**To do**
Exactly the lines starting at the line containing "Brown Long Lisle" and ending at the line containing "Boxspring met matras stof blauw 140x190 cm" are to be written out from the listing below, both included.

━━━━━━━━

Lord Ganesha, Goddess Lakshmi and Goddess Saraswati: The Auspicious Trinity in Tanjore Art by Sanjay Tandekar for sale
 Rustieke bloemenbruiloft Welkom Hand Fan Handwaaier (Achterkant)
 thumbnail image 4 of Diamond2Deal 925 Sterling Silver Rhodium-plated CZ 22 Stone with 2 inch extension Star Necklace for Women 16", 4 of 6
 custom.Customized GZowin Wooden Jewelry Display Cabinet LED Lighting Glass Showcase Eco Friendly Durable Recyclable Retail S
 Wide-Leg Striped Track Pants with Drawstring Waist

━━━━━━━━

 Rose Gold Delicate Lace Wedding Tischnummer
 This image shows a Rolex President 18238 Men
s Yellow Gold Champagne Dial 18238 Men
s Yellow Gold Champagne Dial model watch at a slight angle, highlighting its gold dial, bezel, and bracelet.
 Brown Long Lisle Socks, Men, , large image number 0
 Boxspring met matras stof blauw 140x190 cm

━━━━━━━━

**Result**
 Brown Long Lisle Socks, Men, , large image number 0
 Boxspring met matras stof blauw 140x190 cm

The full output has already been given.